Speaking to reporters as talks continued between Iran and six world powers, including the United States, Kerry said he had conferred Wednesday night with President Obama, who he said made it clear to him that the negotiations would have to end without a deal if the remaining differences cannot be bridged.
“We are not going to sit at the negotiating table forever,” Kerry said. “Despite all of the progress that we have made — and it’s real — some of the tough issues remain unresolved. We know that difficult decisions don’t become easier over time. And in one way or another, those decisions must be taken very soon.” He did not elaborate on what the outstanding issues are.
Informed Iran observers surmise Iran is trying to wring every last concession out of Kerry. Whether they will hold on until July 10, Quds Day — Iran’s festive day of Israel-bashing and genocide talk — remains a possibility. (So much for President Obama’s belief that anti-Semitism is not a driving ideology of the Iranian mullahs.) It is not clear whether the only remaining issue is Iran’s insistence on lifting embargoes on conventional weapons and ballistic missiles.
Meanwhile, on Capitol Hill at a hearing on the Iran deal House Foreign Affairs Committee chairman Ed Royce (R-Cal.) observed, “The ‘most robust and intrusive inspections and transparency regime ever negotiated for any nuclear program in history’ – the President’s promise – has turned into ‘managed access,’ with the Iranians having a big say in where international inspectors can and can’t go. ‘Managed access’ is a big back away from the ‘anywhere, anytime’ terms the Administration once demanded.”
He continued, “Iran doesn’t even have to cheat to be a step away from the bomb. Iran is not required to dismantle key bomb making technology; it is permitted a vast enrichment capacity, and is allowed to continue its research and development to gain an industrialized nuclear program once this agreement begins to expire in as little as ten years.” One by one, Iran experts at the hearing cautioned about the results of a deal so obviously one-sided as this.

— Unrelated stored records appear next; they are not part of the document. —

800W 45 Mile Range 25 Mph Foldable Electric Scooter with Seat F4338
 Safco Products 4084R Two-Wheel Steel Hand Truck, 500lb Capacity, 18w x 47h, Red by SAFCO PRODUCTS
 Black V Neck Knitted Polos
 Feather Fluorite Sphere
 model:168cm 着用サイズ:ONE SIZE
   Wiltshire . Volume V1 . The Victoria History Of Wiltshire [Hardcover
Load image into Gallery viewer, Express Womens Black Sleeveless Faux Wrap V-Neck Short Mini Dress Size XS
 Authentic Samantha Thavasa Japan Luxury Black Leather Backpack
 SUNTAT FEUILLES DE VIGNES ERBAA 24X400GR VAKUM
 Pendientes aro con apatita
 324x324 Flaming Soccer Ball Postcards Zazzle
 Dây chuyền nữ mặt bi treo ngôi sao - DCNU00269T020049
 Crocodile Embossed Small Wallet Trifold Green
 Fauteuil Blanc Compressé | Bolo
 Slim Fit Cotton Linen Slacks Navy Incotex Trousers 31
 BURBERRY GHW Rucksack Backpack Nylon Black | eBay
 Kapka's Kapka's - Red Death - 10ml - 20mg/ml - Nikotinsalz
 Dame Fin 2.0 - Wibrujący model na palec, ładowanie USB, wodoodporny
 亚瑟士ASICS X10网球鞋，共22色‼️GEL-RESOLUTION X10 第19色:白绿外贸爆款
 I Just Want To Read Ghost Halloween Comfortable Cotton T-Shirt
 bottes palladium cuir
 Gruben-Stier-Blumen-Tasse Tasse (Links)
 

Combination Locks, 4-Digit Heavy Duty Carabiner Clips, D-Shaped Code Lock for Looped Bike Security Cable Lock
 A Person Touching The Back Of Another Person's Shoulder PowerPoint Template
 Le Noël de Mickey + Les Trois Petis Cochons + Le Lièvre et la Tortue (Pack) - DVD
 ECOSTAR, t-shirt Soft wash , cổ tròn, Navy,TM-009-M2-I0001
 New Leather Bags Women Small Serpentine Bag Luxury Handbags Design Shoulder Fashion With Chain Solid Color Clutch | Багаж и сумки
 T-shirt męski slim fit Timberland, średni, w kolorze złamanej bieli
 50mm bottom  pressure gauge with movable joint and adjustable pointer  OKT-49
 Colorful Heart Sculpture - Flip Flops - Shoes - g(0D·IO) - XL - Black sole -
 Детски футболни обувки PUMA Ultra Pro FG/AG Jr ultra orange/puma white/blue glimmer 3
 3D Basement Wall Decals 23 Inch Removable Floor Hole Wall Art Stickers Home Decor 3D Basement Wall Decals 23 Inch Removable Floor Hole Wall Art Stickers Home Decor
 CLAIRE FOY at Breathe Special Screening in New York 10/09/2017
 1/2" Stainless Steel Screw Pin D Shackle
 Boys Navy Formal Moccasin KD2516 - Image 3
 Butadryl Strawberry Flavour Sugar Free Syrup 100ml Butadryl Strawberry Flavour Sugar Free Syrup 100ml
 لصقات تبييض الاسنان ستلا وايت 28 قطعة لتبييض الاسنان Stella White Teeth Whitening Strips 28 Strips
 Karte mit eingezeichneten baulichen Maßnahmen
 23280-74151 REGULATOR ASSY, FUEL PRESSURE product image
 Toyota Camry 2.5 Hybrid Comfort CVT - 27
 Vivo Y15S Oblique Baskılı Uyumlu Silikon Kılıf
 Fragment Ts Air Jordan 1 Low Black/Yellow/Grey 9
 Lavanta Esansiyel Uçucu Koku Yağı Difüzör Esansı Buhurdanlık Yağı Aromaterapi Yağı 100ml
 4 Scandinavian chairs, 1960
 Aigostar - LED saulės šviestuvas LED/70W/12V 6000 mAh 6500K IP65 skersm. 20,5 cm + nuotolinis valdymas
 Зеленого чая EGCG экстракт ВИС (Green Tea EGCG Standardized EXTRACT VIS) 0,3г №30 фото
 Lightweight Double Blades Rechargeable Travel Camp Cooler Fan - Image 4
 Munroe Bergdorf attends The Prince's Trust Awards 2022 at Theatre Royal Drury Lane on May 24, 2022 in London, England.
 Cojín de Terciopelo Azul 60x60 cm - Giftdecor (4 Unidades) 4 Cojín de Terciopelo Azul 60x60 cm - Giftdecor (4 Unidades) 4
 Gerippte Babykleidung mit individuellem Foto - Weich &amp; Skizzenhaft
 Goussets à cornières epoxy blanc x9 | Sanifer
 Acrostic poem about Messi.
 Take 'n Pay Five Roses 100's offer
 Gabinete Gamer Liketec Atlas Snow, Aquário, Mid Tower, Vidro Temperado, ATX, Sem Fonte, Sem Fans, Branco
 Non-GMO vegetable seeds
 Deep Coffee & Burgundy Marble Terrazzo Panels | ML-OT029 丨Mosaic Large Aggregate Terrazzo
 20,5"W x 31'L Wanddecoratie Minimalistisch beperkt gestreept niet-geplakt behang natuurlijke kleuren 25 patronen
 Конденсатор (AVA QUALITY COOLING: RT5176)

“I believe that Iran’s most likely course after a nuclear agreement will be to continue to pursue the same regional strategy it has pursued over the past three years. That strategy is inimical to the interests of the United States and its allies in many ways,” said Kenneth Pollack of the Brookings Institute in prepared remarks. “However, there is a much greater danger– the danger that Iran will interpret American behavior after a nuclear agreement as a sign of further disengagement from the Middle East. If that is the case, it is highly likely that Iranian goals will become more expansive and its policy more aggressive as it believes that the U.S. will not be as willing (or able) to block Iranian moves.”
Others concurred with the argument that capitulating to Iran on a series of vital points will send an unmistakable signal to our allies.
After examining the obvious flaws in the deal, Hudson Institute’s Michael Doran argued,
“Either President Obama is inaugurating a new friendship with Iran, or he is pulling the United States back from the Middle East while Iran fills the resulting power vacuum. Both interpretations play on the worst fears of allies, regardless of whether we are talking about Saudi Arabia and Israel, who see Iran as an existential threat, or about Turkey and Jordan, who strongly oppose the role that Iran is playing in Iraq and Syria.”
Our allies don’t believe a deal will moderate Iran’s conduct. Far from it. Doran explained,
“It makes much greater sense to assume that the nuclear agreement’s actual, tangible benefits will immediately prop-up Iran’s hardliners. Iran’s Revolutionary Guard Corps (IRGC)—which acts as the custodian of the 1979 Revolution, both at home and abroad—commands an economic empire whose tentacles reach into the key sectors of the Iranian economy. It will certainly benefit greatly from the lifting of sanctions and the rush of international investments that will follow a nuclear accord. In fact, it is so deeply entrenched in Iran’s economy that it will probably profit more than anyone else from the new era of international investment.”
In short, whatever the Democrats convince themselves will be the result our Gulf allies know better. “America’s Gulf allies have humored President Obama as he has inaugurated a new strategic dialogue, but they have no confidence that he will actually deliver on what they consider to be their vital needs,” Doran said.
So we are poised to produce a deal that, even if followed to the letter, will in all likelihood bolster Iran’s most aggressive instincts and demoralize our allies. Again, even if the deal is followed perfectly Iran will get its bomb in ten years or so. It is for this reason that those truly concerned about Obama’s legacy should oppose a deal. Surely he does not want to be known as the first president to capitulate to Iran, give it permission to pursue an industrial-sized nuclear weapons program, betray our allies and encourage Iran’s regional aggression. His name will be on that deal and he will be responsible for that abominable legacy.